__INFORMATION__.
☆ ☆ ☆ ☆ ☆ ☆ ☆
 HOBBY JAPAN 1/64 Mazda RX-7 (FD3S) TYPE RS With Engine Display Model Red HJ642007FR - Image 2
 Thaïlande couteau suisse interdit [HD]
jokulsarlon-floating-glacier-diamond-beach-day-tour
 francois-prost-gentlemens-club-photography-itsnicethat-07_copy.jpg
☆ ☆ ☆ ☆ ☆ ☆ ☆
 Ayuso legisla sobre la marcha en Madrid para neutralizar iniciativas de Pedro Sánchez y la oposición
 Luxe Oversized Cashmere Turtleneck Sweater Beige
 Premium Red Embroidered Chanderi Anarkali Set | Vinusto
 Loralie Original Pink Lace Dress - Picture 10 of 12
☆ ☆ ☆ ☆ ☆ ☆ ☆
__PROBLEM DETAILS__. Every line from the line containing "Ayuso legisla sobre" through the line containing "Loralie Original Pink" in the records above must be retyped exactly. Leave out the rest.

__REPLY__.
 Ayuso legisla sobre la marcha en Madrid para neutralizar iniciativas de Pedro Sánchez y la oposición
 Luxe Oversized Cashmere Turtleneck Sweater Beige
 Premium Red Embroidered Chanderi Anarkali Set | Vinusto
 Loralie Original Pink Lace Dress - Picture 10 of 12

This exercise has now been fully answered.